And like every other thing, the internet had its fair share of dark sides as well. Online dating found the light of the day quite soon, and these days, it is spreading like wildfire. While most find online dating to be fun, yet it does have some serious adverse impacts we do not know about. Here are some things one must know about online dating:
A Failed attempt at bringing people closer
Quite most often, online dating feels like a shambolic attempt at building relationships. The people on dating sites generally are known to look for casual hook-ups, and this is crushing for a person looking for something real and meaningful in life. Online dating often misses out on love as an emotion and relationships as a strong bond. It gives disappointment to people who have the impression of finding their soul mate through online dating. A simple question it is. Can you understand emotions and feelings through a computer? Yes maybe. Can you be sure the other person actually reciprocates what he expresses? No.
Profiles are icebergs
Wondering what I meant by that? Oh, it’s very simple. Icebergs are special. The tip only says about 10% of what it actually is. Similar is the case with most profiles on online dating sites. The credentials may just impress you. But to be honest, who knows what you actually might find out? The person you are interested in may just be another guy with tonnes of dark stuff added to his name. But the profile wouldn’t say anything about it.
It dilutes your sense of commitment
It might just be possible that people are serious about relationships they come across online. But a major part of those relationships turns out to be a lie. It’s as hard as it sounds. This experience that you get on an online dating site might tend to reduce your affinity for meaningful relationships. Commitment is a nascent and pure thing. It wouldn’t do any good to you if you somehow lost your seriousness for a relationship for all the wrong reasons.
Uncertainty of meeting the right people
It is a question of relevance if you will meet the person you are onto on an online dating website. For example, let us suppose you are attracted to a girl by looking at her profile and her personality descriptions. The fact that you chat with her and manage to ask her out doesn’t guarantee you that you are going to meet the person you thought you would meet. Maybe her profile could have been fake as well. This might crush you if you are a serious guy looking. Same goes for girls as well.
It is a disturbing fact that online dating cheapens the concept of intimacy. It is highly likely that the online conversation you have with the person you like would end up being flirty and intimate in nature. This itself brings in a thing called Sexual banter. Online dating sites are known to bring up casual sex on the first date due to their fickle involvement. So it would definitely influence your views towards intimacy and makes you more prone to losing your principles about love and relationships.

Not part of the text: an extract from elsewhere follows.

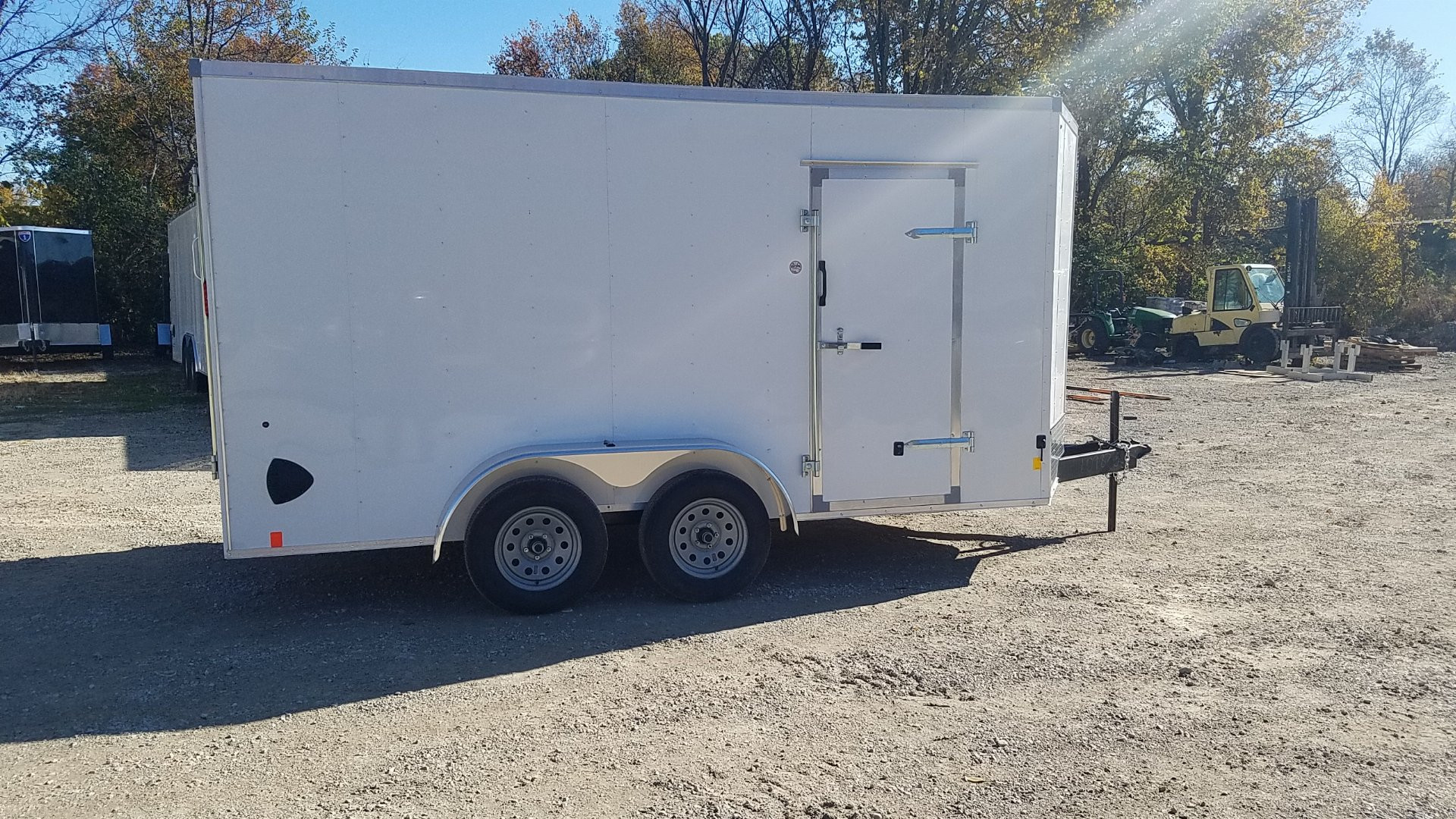 New 2024 INTERSTATE CARGO 7x14 SFC Enclosed Cargo Trailer 7k Cargo / Enclosed Trailer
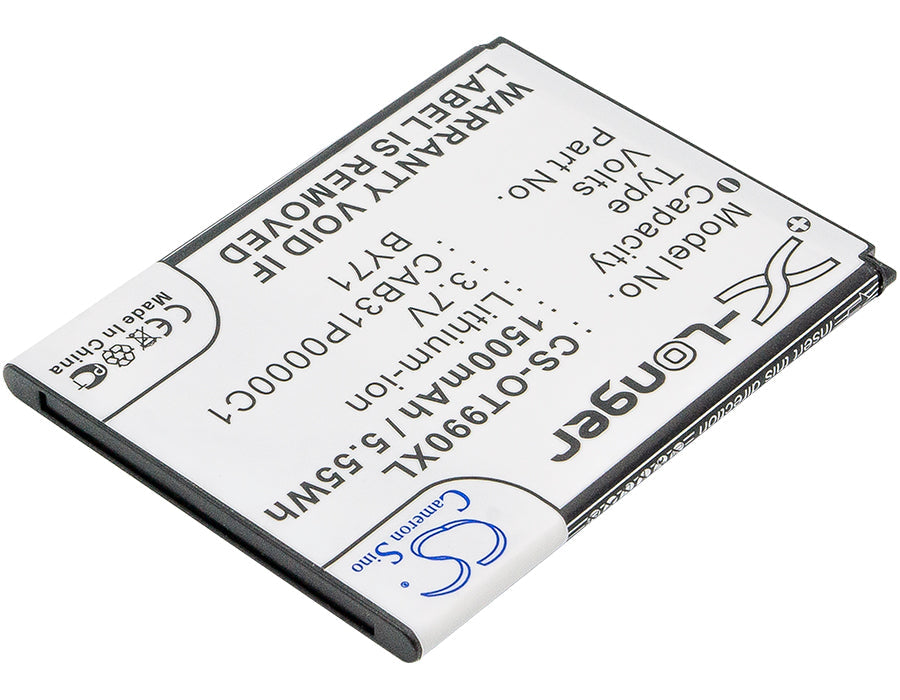 Replacement Battery for MegaFon  Optima MS3B – Mobile, SmartPhone – 1500mAh / 5.55Wh / 3.7V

Lies in the shadows of truth
It is easy to lie on an online dating platform. Since the conversation is virtual, it is literally a cup of tea on someone’s part to lie to you without any remorse. This is one of the goriest realities of online dating that you will always face. Relationships can also be built on lies.
You may have to change
You may have to change your personality to suit the other person you are talking to. Yes, you might think you wouldn’t do so, but the fact is you will again be a prey to attractive profiles. This creates a sense of longing in you and suddenly you are ready to change yourself for someone you deem to be perfect for you.
You will bear the brunt of disappointments every now and then. You will find yourself getting disappointed more often because the person you found out to be so attractive may turn out to be just another cheap person looking to hook up with you. This will hurt you badly if you tend to get friendly with a stranger in very less time.
Most of the people you are going to see on online dating sites will either be attracted to you because of your profile or because they are looking for some casual rounds. It is given that you are definitely not going to show up your negatives or problems on your profile. So chances are highly likely that the person you like would give you a skip when he/she faces the first hints if your negatives and problems.
Love is the backbone of every relationship. Love is not something that you can get online. It involves interactions, healthy smiles and serious face to face conversations. These things are unavailable on sites. You may like someone, but love is something you may not discover by chats or virtual conversation.
It is possible that soul mates could be found on online dating websites. It is not an impossible scenario. But the only matter of concern lies in the fact that you cannot trust someone you have never seen or talked to. Having said that, if you are interested in online dating to be careful with your steps. Don’t lose your way. And hope that you find someone who actually cares about what you are.